------ Given data ------
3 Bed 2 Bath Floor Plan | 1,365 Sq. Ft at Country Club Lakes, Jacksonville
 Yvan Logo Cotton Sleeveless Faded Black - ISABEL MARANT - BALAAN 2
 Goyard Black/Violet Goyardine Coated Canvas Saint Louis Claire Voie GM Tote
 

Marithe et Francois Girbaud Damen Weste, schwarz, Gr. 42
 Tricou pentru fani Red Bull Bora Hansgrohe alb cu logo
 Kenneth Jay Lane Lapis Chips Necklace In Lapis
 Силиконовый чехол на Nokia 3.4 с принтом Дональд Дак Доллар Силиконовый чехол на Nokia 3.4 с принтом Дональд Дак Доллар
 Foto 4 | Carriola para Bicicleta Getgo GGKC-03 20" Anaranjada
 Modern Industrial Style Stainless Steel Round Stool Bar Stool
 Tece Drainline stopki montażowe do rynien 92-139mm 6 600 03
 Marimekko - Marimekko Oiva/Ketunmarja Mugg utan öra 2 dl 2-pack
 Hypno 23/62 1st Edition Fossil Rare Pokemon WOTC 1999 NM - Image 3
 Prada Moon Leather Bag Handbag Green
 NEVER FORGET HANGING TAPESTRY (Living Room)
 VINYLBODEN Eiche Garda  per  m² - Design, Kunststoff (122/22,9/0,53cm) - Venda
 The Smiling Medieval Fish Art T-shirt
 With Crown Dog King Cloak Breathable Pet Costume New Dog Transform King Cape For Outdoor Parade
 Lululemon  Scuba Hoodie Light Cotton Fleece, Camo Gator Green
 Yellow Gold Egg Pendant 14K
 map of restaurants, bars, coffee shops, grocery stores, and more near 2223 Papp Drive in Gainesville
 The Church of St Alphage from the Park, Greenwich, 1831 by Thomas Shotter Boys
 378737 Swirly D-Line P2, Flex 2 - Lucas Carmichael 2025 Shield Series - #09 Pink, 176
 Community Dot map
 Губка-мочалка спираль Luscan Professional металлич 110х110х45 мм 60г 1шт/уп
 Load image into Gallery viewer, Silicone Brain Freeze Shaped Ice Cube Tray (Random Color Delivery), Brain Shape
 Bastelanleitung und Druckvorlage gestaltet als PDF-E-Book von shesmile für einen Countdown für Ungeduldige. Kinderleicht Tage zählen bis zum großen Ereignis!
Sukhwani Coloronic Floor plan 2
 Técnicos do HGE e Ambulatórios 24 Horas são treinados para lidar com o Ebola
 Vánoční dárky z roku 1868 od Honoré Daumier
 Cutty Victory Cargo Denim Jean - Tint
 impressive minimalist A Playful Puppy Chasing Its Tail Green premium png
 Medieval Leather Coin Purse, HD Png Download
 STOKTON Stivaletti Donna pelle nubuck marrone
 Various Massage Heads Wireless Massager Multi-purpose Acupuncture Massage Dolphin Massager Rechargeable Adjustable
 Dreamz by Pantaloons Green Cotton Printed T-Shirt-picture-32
------
**Assignment**
The answer must be every line from the entries above that holds the string "Medieval".

**Task output**
 The Smiling Medieval Fish Art T-shirt
 Medieval Leather Coin Purse, HD Png Download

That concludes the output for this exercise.